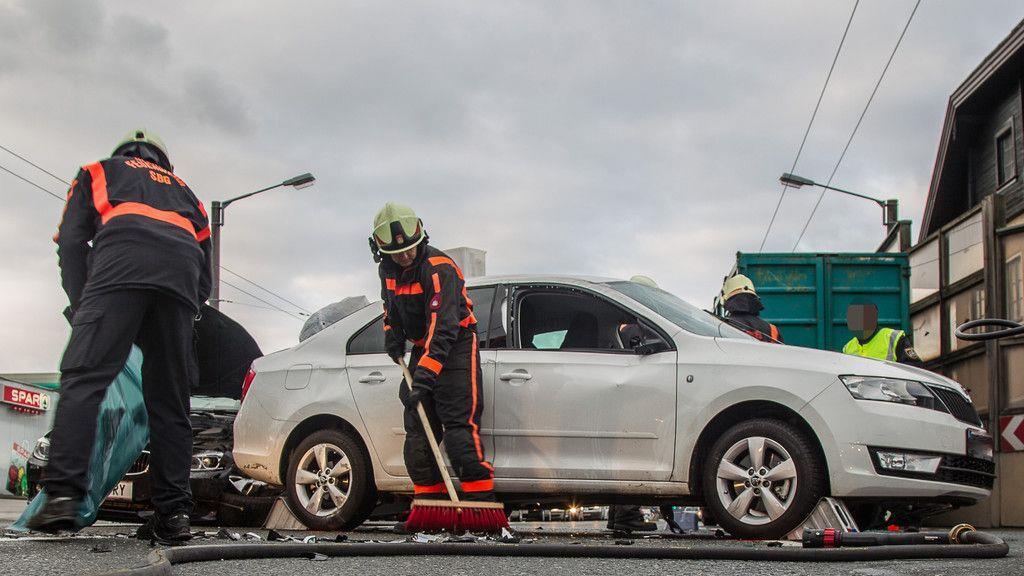 Autoüberschlag auf Innsbrucker Bundesstraße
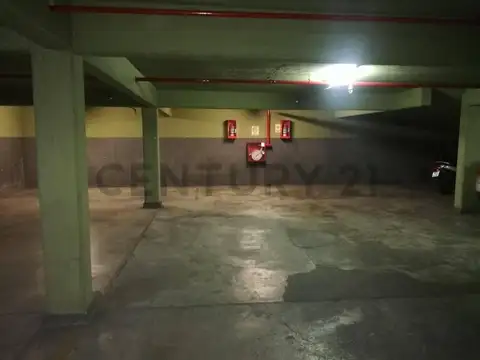 Av. Belgrano 700, Piso 0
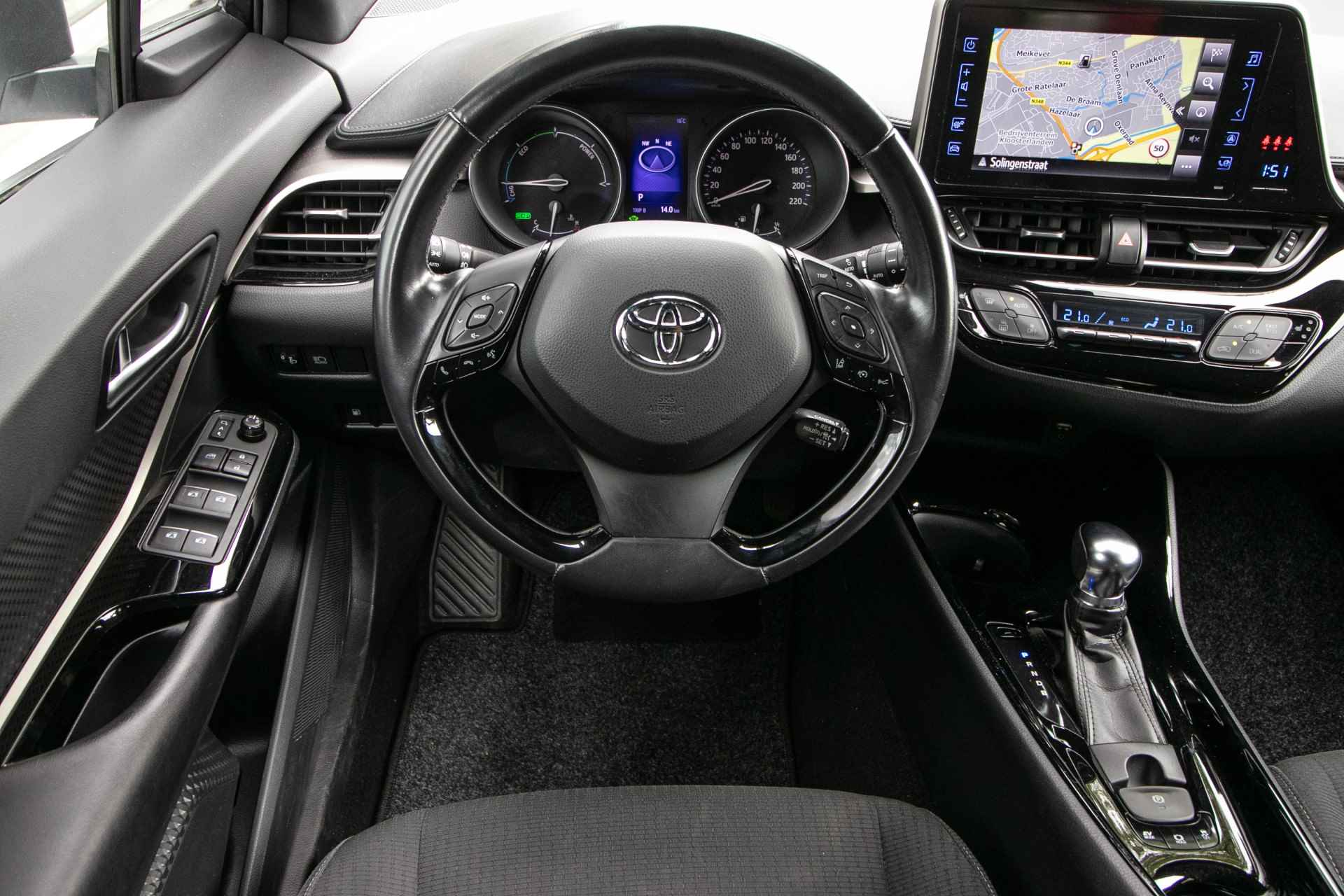 Toyota C-HR 1.8 Hybrid Dynamic - All-in rijklrprs | navi | Cam | Stoelverw. | DAB - 11/42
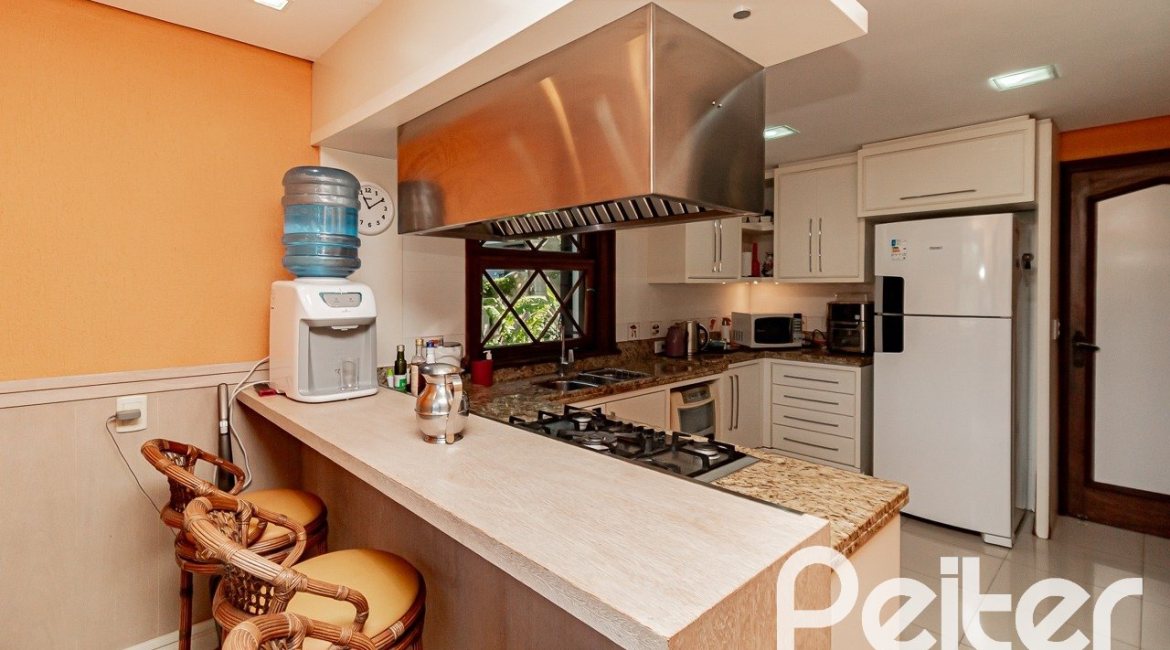Casa à venda com 433m², 4 dormitórios, 1 suíte, 8 vagas, no bairro Vila Assunção em Porto Alegre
*****
■ **TASK DESCRIPTION**:
Omit the pictures, then quote the rest of the material above exactly.

■ **EXERCISE RESULT**:
 Autoüberschlag auf Innsbrucker Bundesstraße
 Av. Belgrano 700, Piso 0
 Toyota C-HR 1.8 Hybrid Dynamic - All-in rijklrprs | navi | Cam | Stoelverw. | DAB - 11/42
Casa à venda com 433m², 4 dormitórios, 1 suíte, 8 vagas, no bairro Vila Assunção em Porto Alegre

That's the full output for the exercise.